---
title: Indexing Repositories
sidebar_position: 3
---
import AiQuery from '@site/src/components/AiQuery';
# Indexing Repositories
This page covers everything you need to configure, run, and maintain a code
index with TeaRAGs.
## Environment Variables
All code-vectorization settings are controlled via environment variables passed
to the MCP server.
<details>
<summary>Indexing variables reference</summary>
| Variable | Description | Default |
| -------------------------- | ----------------------------------------------------------------------------------------------------------------------------------------- | ------- |
| `CODE_CHUNK_SIZE` | Maximum chunk size in characters. Larger values give more context per chunk; smaller values give more granular search results. | 2500 |
| `CODE_CHUNK_OVERLAP` | Overlap between adjacent chunks in characters. Prevents loss of context at chunk boundaries. | 300 |
| `CODE_ENABLE_AST` | Use AST-aware chunking (tree-sitter) instead of line-based splitting. Preserves semantic boundaries like functions, classes, and methods. | true |
| `CODE_BATCH_SIZE` | Number of chunks per embedding batch sent to the provider. Higher values improve throughput but increase memory usage. | 100 |
| `CODE_CUSTOM_EXTENSIONS` | Additional file extensions to index (comma-separated). Example: `.proto,.graphql,.prisma` | - |
| `CODE_CUSTOM_IGNORE` | Additional ignore patterns (comma-separated). Example: `**/*.generated.ts,**/dist/**` | - |
| `CODE_DEFAULT_LIMIT` | Default number of search results returned when the caller does not specify a limit. | 5 |
| `CODE_ENABLE_GIT_METADATA` | Enrich every chunk with git blame data: authors, commit count, code age, and task IDs extracted from commit messages. | false |
See also the full [Configuration Variables](/config/environment-variables) page for embedding,
Qdrant batch pipeline, and performance variables.
</details>
## How Chunking Works
TeaRAGs splits source files into **chunks** — self-contained code fragments that become individual vectors in the search index. The chunking strategy directly affects search quality: well-bounded chunks return precise, meaningful results; poorly split chunks return noisy, incomplete fragments.

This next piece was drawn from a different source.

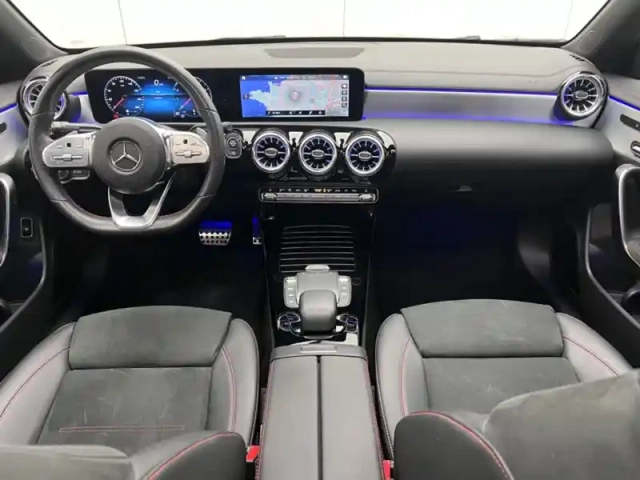 Mercedes Cla coupé 180 amg line — photo 11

### AST-Aware Chunking (default)
Enabled by default (`CODE_ENABLE_AST=true`). Uses [tree-sitter](https://tree-sitter.github.io/tree-sitter/) to parse the code into an Abstract Syntax Tree, then splits along **semantic boundaries** — functions, classes, methods, interfaces.
**Why it matters:**
- A function stays as one chunk, not split in the middle of a loop
- Class methods are extracted as individual chunks with parent class context preserved (`parentName`, `parentType` metadata)
- Comments and decorators stay attached to the code they describe
- Large classes are automatically decomposed: methods become individual chunks, non-method body code is extracted separately
**Two-level extraction:**
1. **Top-level nodes** — functions, classes, modules, interfaces are identified as chunk candidates
2. **Child extraction** — if a container (class/module) exceeds `2x CODE_CHUNK_SIZE`, its methods are extracted as individual chunks while preserving parent context in metadata
**Fallback:** If a language has no tree-sitter grammar, or a node is still too large after child extraction, TeaRAGs falls back to character-based splitting with overlap — trying to break at empty lines or closing braces.
:::tip
AST-aware chunking is the recommended mode for all code. Disable it (`CODE_ENABLE_AST=false`) only for plain-text or unstructured files where tree-sitter adds no value.
:::
### Embedding Dimensions
The embedding dimension is determined automatically based on your model — no configuration needed in most cases.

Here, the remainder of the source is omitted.